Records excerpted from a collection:
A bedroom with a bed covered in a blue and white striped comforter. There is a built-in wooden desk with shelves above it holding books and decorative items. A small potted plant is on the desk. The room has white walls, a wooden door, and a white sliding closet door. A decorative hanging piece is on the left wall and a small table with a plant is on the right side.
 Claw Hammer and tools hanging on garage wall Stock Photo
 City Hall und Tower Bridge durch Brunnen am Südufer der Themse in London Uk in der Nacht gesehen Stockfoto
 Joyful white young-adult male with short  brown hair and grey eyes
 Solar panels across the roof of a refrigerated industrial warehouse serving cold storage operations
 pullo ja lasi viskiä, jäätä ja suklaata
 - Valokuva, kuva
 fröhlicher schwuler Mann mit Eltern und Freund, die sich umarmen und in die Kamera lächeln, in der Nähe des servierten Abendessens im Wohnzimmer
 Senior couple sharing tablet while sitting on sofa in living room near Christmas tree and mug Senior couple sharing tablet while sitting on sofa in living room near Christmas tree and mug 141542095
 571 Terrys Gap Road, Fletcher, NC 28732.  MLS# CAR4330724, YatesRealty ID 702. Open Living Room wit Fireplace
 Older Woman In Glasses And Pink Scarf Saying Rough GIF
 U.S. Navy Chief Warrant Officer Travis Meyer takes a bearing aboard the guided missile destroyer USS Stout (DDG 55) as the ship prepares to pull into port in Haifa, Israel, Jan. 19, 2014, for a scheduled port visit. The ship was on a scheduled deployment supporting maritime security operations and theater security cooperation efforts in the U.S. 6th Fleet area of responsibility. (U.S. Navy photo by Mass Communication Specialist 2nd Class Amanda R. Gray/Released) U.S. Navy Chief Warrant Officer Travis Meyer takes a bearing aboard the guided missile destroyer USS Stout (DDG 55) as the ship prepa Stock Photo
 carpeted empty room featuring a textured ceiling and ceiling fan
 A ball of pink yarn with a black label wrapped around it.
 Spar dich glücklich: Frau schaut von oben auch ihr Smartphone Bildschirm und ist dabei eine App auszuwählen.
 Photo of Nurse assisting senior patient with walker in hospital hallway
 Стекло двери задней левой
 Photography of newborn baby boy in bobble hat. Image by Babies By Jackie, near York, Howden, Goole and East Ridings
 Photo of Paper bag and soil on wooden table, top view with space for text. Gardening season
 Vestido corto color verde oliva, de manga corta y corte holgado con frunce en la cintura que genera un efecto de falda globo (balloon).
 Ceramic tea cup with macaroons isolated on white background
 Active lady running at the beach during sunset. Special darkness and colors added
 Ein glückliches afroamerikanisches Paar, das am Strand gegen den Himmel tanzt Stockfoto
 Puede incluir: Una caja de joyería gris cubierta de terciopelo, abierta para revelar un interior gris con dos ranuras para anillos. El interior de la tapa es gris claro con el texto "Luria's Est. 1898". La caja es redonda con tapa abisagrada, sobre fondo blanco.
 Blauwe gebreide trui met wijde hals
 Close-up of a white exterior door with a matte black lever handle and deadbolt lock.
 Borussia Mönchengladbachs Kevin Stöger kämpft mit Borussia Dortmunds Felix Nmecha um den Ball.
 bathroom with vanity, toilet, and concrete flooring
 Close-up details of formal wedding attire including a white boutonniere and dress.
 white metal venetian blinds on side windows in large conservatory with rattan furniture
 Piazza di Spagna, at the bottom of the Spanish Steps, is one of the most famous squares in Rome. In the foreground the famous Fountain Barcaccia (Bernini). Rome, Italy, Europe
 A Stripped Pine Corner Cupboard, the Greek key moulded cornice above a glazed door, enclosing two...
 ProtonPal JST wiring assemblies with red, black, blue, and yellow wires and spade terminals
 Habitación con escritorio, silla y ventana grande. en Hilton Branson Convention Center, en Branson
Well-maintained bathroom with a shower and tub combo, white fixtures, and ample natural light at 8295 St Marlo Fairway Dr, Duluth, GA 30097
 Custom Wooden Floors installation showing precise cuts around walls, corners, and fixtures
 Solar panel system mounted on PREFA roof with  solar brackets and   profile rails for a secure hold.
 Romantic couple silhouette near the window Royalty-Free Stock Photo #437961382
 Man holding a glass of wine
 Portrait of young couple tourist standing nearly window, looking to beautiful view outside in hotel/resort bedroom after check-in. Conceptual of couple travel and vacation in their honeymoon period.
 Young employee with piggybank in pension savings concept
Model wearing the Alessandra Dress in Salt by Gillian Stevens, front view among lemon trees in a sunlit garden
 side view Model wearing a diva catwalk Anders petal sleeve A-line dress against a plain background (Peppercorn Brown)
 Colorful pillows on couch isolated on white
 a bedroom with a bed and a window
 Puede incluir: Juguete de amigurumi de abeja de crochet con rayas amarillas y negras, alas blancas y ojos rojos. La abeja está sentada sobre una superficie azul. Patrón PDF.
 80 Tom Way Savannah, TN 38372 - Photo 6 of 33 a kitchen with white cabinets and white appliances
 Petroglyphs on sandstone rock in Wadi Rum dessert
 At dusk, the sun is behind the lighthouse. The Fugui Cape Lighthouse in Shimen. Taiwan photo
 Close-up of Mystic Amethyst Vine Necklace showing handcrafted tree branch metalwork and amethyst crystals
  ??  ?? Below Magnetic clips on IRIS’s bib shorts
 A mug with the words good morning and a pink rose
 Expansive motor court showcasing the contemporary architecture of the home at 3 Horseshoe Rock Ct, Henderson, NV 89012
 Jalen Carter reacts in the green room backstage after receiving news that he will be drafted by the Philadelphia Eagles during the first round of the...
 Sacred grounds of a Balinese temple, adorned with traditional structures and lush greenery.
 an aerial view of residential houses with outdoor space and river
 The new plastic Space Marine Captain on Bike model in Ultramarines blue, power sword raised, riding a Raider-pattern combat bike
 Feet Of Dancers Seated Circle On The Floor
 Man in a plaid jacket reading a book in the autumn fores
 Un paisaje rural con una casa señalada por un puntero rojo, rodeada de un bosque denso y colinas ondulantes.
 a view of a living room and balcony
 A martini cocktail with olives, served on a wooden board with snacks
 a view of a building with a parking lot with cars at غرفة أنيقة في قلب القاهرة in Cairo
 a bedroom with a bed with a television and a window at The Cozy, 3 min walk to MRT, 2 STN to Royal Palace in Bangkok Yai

> **Work task**
Every entry must appear in the answer exactly as written.

> **Your solution**
A bedroom with a bed covered in a blue and white striped comforter. There is a built-in wooden desk with shelves above it holding books and decorative items. A small potted plant is on the desk. The room has white walls, a wooden door, and a white sliding closet door. A decorative hanging piece is on the left wall and a small table with a plant is on the right side.
 Claw Hammer and tools hanging on garage wall Stock Photo
 City Hall und Tower Bridge durch Brunnen am Südufer der Themse in London Uk in der Nacht gesehen Stockfoto
 Joyful white young-adult male with short  brown hair and grey eyes
 Solar panels across the roof of a refrigerated industrial warehouse serving cold storage operations
 pullo ja lasi viskiä, jäätä ja suklaata
 - Valokuva, kuva
 fröhlicher schwuler Mann mit Eltern und Freund, die sich umarmen und in die Kamera lächeln, in der Nähe des servierten Abendessens im Wohnzimmer
 Senior couple sharing tablet while sitting on sofa in living room near Christmas tree and mug Senior couple sharing tablet while sitting on sofa in living room near Christmas tree and mug 141542095
 571 Terrys Gap Road, Fletcher, NC 28732.  MLS# CAR4330724, YatesRealty ID 702. Open Living Room wit Fireplace
 Older Woman In Glasses And Pink Scarf Saying Rough GIF
 U.S. Navy Chief Warrant Officer Travis Meyer takes a bearing aboard the guided missile destroyer USS Stout (DDG 55) as the ship prepares to pull into port in Haifa, Israel, Jan. 19, 2014, for a scheduled port visit. The ship was on a scheduled deployment supporting maritime security operations and theater security cooperation efforts in the U.S. 6th Fleet area of responsibility. (U.S. Navy photo by Mass Communication Specialist 2nd Class Amanda R. Gray/Released) U.S. Navy Chief Warrant Officer Travis Meyer takes a bearing aboard the guided missile destroyer USS Stout (DDG 55) as the ship prepa Stock Photo
 carpeted empty room featuring a textured ceiling and ceiling fan
 A ball of pink yarn with a black label wrapped around it.
 Spar dich glücklich: Frau schaut von oben auch ihr Smartphone Bildschirm und ist dabei eine App auszuwählen.
 Photo of Nurse assisting senior patient with walker in hospital hallway
 Стекло двери задней левой
 Photography of newborn baby boy in bobble hat. Image by Babies By Jackie, near York, Howden, Goole and East Ridings
 Photo of Paper bag and soil on wooden table, top view with space for text. Gardening season
 Vestido corto color verde oliva, de manga corta y corte holgado con frunce en la cintura que genera un efecto de falda globo (balloon).
 Ceramic tea cup with macaroons isolated on white background
 Active lady running at the beach during sunset. Special darkness and colors added
 Ein glückliches afroamerikanisches Paar, das am Strand gegen den Himmel tanzt Stockfoto
 Puede incluir: Una caja de joyería gris cubierta de terciopelo, abierta para revelar un interior gris con dos ranuras para anillos. El interior de la tapa es gris claro con el texto "Luria's Est. 1898". La caja es redonda con tapa abisagrada, sobre fondo blanco.
 Blauwe gebreide trui met wijde hals
 Close-up of a white exterior door with a matte black lever handle and deadbolt lock.
 Borussia Mönchengladbachs Kevin Stöger kämpft mit Borussia Dortmunds Felix Nmecha um den Ball.
 bathroom with vanity, toilet, and concrete flooring
 Close-up details of formal wedding attire including a white boutonniere and dress.
 white metal venetian blinds on side windows in large conservatory with rattan furniture
 Piazza di Spagna, at the bottom of the Spanish Steps, is one of the most famous squares in Rome. In the foreground the famous Fountain Barcaccia (Bernini). Rome, Italy, Europe
 A Stripped Pine Corner Cupboard, the Greek key moulded cornice above a glazed door, enclosing two...
 ProtonPal JST wiring assemblies with red, black, blue, and yellow wires and spade terminals
 Habitación con escritorio, silla y ventana grande. en Hilton Branson Convention Center, en Branson
Well-maintained bathroom with a shower and tub combo, white fixtures, and ample natural light at 8295 St Marlo Fairway Dr, Duluth, GA 30097
 Custom Wooden Floors installation showing precise cuts around walls, corners, and fixtures
 Solar panel system mounted on PREFA roof with  solar brackets and   profile rails for a secure hold.
 Romantic couple silhouette near the window Royalty-Free Stock Photo #437961382
 Man holding a glass of wine
 Portrait of young couple tourist standing nearly window, looking to beautiful view outside in hotel/resort bedroom after check-in. Conceptual of couple travel and vacation in their honeymoon period.
 Young employee with piggybank in pension savings concept
Model wearing the Alessandra Dress in Salt by Gillian Stevens, front view among lemon trees in a sunlit garden
 side view Model wearing a diva catwalk Anders petal sleeve A-line dress against a plain background (Peppercorn Brown)
 Colorful pillows on couch isolated on white
 a bedroom with a bed and a window
 Puede incluir: Juguete de amigurumi de abeja de crochet con rayas amarillas y negras, alas blancas y ojos rojos. La abeja está sentada sobre una superficie azul. Patrón PDF.
 80 Tom Way Savannah, TN 38372 - Photo 6 of 33 a kitchen with white cabinets and white appliances
 Petroglyphs on sandstone rock in Wadi Rum dessert
 At dusk, the sun is behind the lighthouse. The Fugui Cape Lighthouse in Shimen. Taiwan photo
 Close-up of Mystic Amethyst Vine Necklace showing handcrafted tree branch metalwork and amethyst crystals
  ??  ?? Below Magnetic clips on IRIS’s bib shorts
 A mug with the words good morning and a pink rose
 Expansive motor court showcasing the contemporary architecture of the home at 3 Horseshoe Rock Ct, Henderson, NV 89012
 Jalen Carter reacts in the green room backstage after receiving news that he will be drafted by the Philadelphia Eagles during the first round of the...
 Sacred grounds of a Balinese temple, adorned with traditional structures and lush greenery.
 an aerial view of residential houses with outdoor space and river
 The new plastic Space Marine Captain on Bike model in Ultramarines blue, power sword raised, riding a Raider-pattern combat bike
 Feet Of Dancers Seated Circle On The Floor
 Man in a plaid jacket reading a book in the autumn fores
 Un paisaje rural con una casa señalada por un puntero rojo, rodeada de un bosque denso y colinas ondulantes.
 a view of a living room and balcony
 A martini cocktail with olives, served on a wooden board with snacks
 a view of a building with a parking lot with cars at غرفة أنيقة في قلب القاهرة in Cairo
 a bedroom with a bed with a television and a window at The Cozy, 3 min walk to MRT, 2 STN to Royal Palace in Bangkok Yai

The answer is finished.